Samstag, 19. Dezember 2015

Mrs. Frampton liebt das deutsche Schwarzbrot nicht



1966 hatte ich, 16jährig, nicht nur schwache Noten in Englisch sondern auch eine sehr günstige Gelegenheit bei Familie Frampton in Lower Holditch Bungalow, Grafschaft Devon meine Englischkenntnisse aufzubessern. Ron Frampton, der englische Freund der Schwester eines Freundes von mir hatte mich für die Sommerferien zu seiner Familie eingeladen. Ron war 10 Jahre älter als ich, Automechaniker und hatte gerade in einer neuerbauten „Nissenhütte“ gemeinsam mit seinem Bruder Brian eine Autoreparaturwerkstatt eröffnet.
Hier, in der absoluten Abgeschiedenheit Devons, sollten die Grundlagen für meine zukünftigen Hochleistungen im Fach Englisch gelegt werden. Die Voraussetzungen dafür waren gut und schlecht zugleich.
Schlecht war, dass die meisten Menschen um mich herum ein derart regional geprägtes Englisch sprachen, dass ich sie kaum verstehen konnte.
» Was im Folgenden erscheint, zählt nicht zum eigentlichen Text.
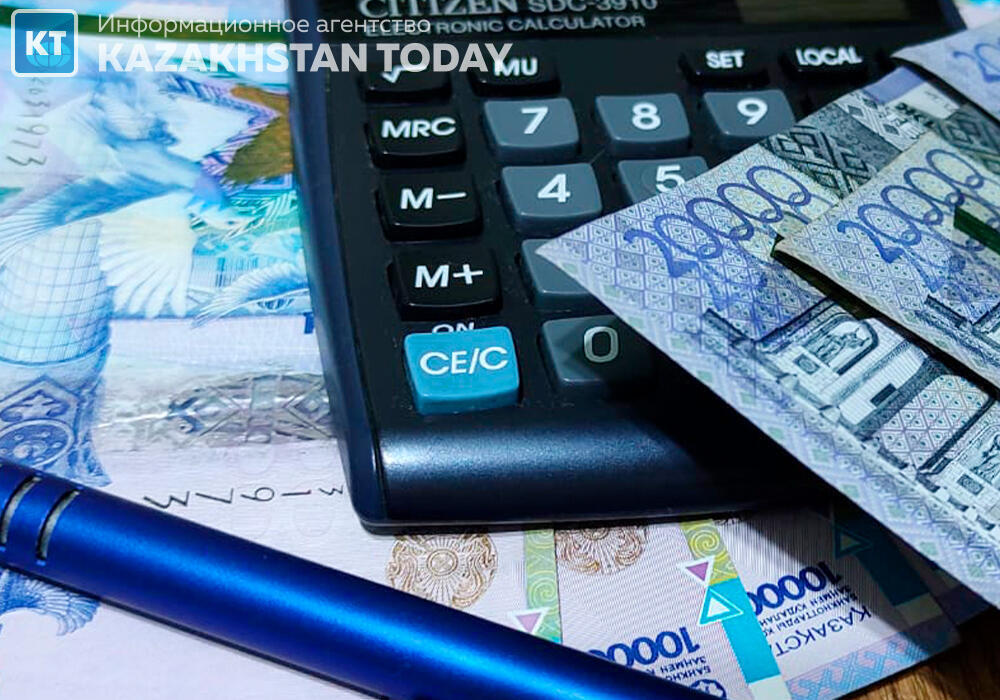  Повысить порог для постановки на учет по НДС предлагают депутаты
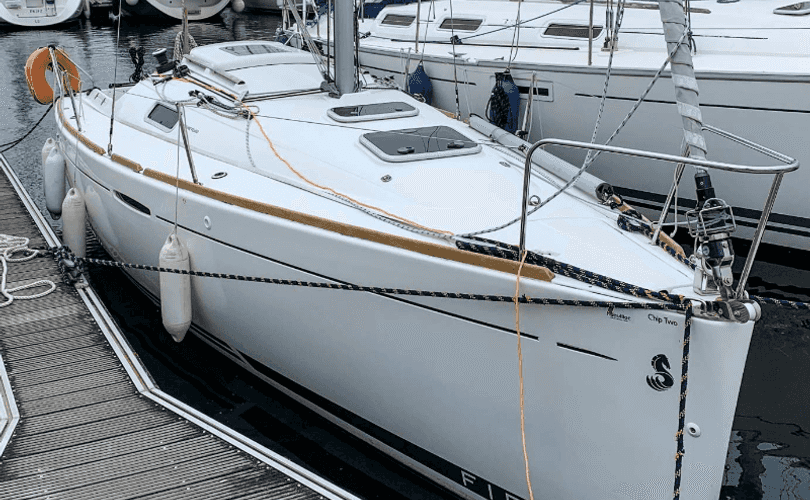 Photo First 25 Performance (2018)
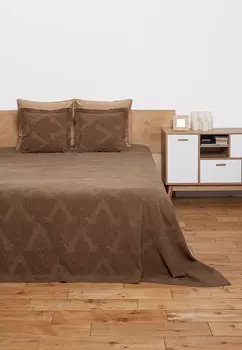 Пледы и покрывала Luxberry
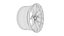Volk Racing G025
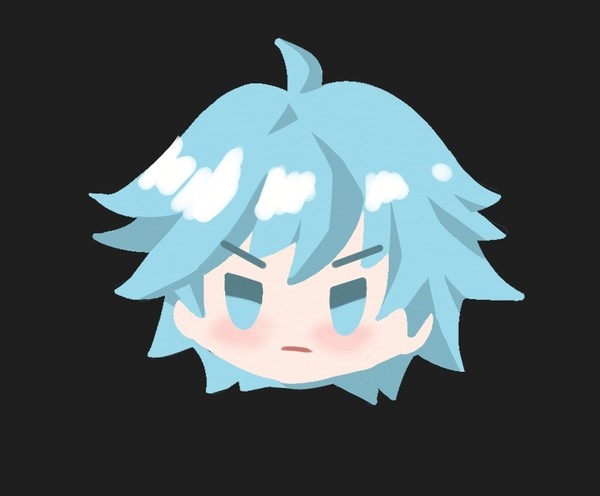 重云小可爱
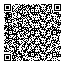 QR-code Shatania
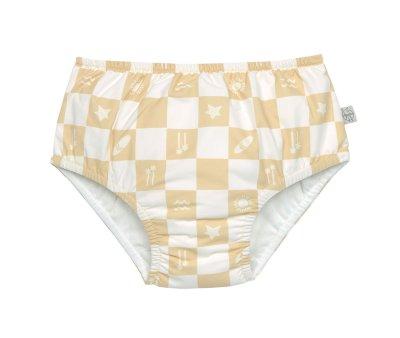 Costume Contenitivo Check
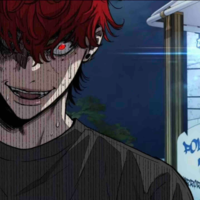 Tg 🤡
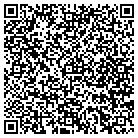 QR code with Sutters Design Carpet contacts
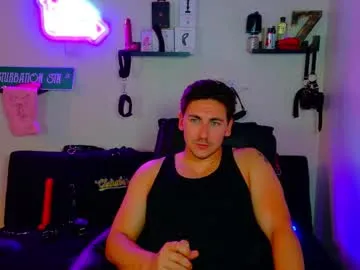 zach_rhyder Image 18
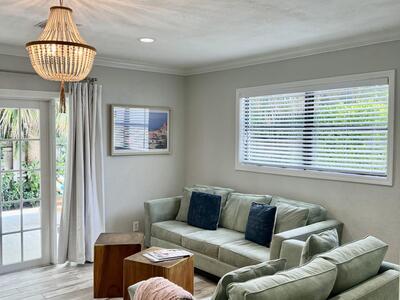 115 NE 18th Street, Delray Beach, FL 33444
So auch ein englisches Mädchen, das ich am Strand traf. Für sie waren Abweichungen vom „Hochenglisch“ so normal, dass sie, nachdem sie mein schlechtes Englisch hörte, wissen wollte, aus welchem Teil der Midlands, wo bekanntlich das schlampigste Englisch gesprochen wird, ich denn käme. Meine Beteuerungen, dass ich aus Deutschland  komme, tat sie als plumpe Anmache ab, bis ich ihr meinen Reisepass unter die Nase hielt. Ja, von daher waren die Bedingungen nicht so günstig.
Gut war, dass ich bis ich im Schülersonderzug nach Köln mit Kurswagen nach Hamburg saß kein Deutsch gesprochen habe. Ich habe in den fast sechs Wochen eine Menge Redewendungen und neue Vokabeln gelernt, besonders im Bereich Kfz-Technik und Werkzeuge. Da konnte mir selbst Dr. Lenz, mein Englischlehrer, nicht mehr viel vormachen. Das wichtigste allerdings, was ich gelernt und mir bis heute bewahrt habe: Ich habe meine Angst englisch zu sprechen verloren, egal, wie fehlerhaft es sein mochte. Für die Midlands hätte es allem Anschein damals schon gereicht!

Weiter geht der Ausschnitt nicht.